From the Inside-Out – Feather House by Irving Smith Architects

Words by Bronwyn Marshall
Photography by Patrick Reynolds

Layered as it engages with the surrounds, Feather House is imagined as a place for many to gather, add to, and leave their own distinct markings in the process. Irving Smith Architects follows the contours of the site, listening and responding to its varied occupant group, to imagine a destination that is crafted from the inside out.

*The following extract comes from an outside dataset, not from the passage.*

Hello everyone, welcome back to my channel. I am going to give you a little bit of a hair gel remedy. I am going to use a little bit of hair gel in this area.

 Hugging its steep site, Feather House sits almost camouflaged by its native surrounds, as it delicately weaves itself into its site. Deliberately so, the residence is conceived from its namesake and aims to lightly layer elements together on site, like feathers, each with their own response and purpose. Outlooks respond to differing views and aspects, while the changing levels of privacy and retreat are crafted through natural approach to materiality and warmth. A home for many, the brief to bring the elements together needed to be open enough to allow an individual connection, while also retaining a sense of the familiar and as an embrace of its enviable location. Irving Smith Architects guides the opening up of the volumes, as the home peers out over Nelson below and, through generous glazing, dutifully welcomes a conversation with the landscape.

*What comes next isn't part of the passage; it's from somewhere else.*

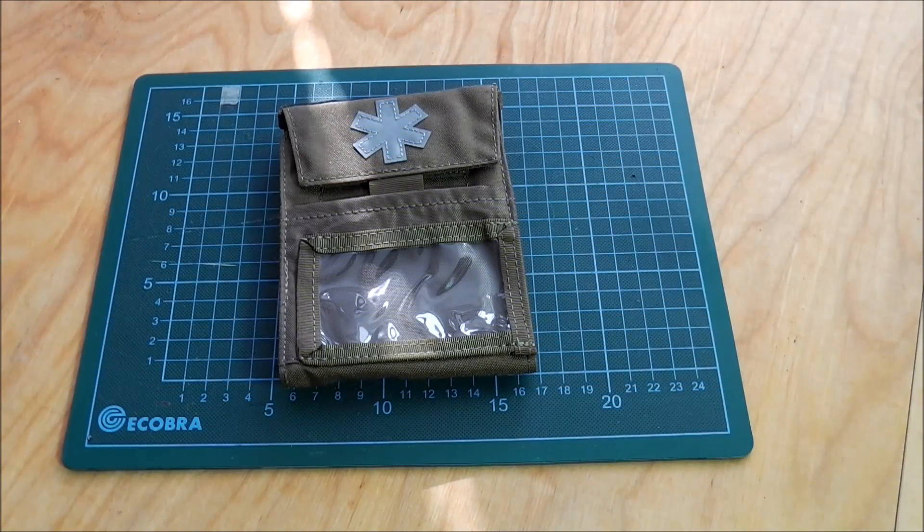Here I have another new product from Helikon-Tex — it's the Pocket Med Insert. It's like a little first aid kit for your cargo pocket.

Owned by a family of makers and builders, the focus and inspiration for the home is on the handmade and ensuring that is felt throughout through detailing and tactile elements.

In reply to its remoteness, Feather House is an amicable and welcoming home. Built by Simon Murray Builders and owned by a family of makers and builders, the focus and inspiration for the home is on the handmade and ensuring that is felt throughout through detailing and tactile elements. While the structure balances its challenging site, the internal experience and how it is embracing an immersion within such a lush landscape forms the memory of the home. Its layered elements of concrete, timber and glass all form the foundations of the home, while the integrated joinery, furniture and planting add the living element.

Straddling a location somewhere between the urban intensity of a city and the casual calm of the country, the home sits elevated and instead anchored to the land and air. The weighted masonry of the concrete acts as the absorber of heat and is a stabilising gesture within the home, while lighter weight elements navigate and extend outward from the core. Meandering corridors connect the various outposts that sit connected but somewhat separate from one another, culminating in an idyllically positioned balcony to watch the world pass by.

The weighted masonry of the concrete acts as the absorber of heat and is a stabilising gesture within the home, while lighter weight elements navigate and extend outward from the core.

The focus of Feather House is its location. Through connection and interlocking elements, Irving Smith Architects has proposed a natural extension of both the site and the home’s owners.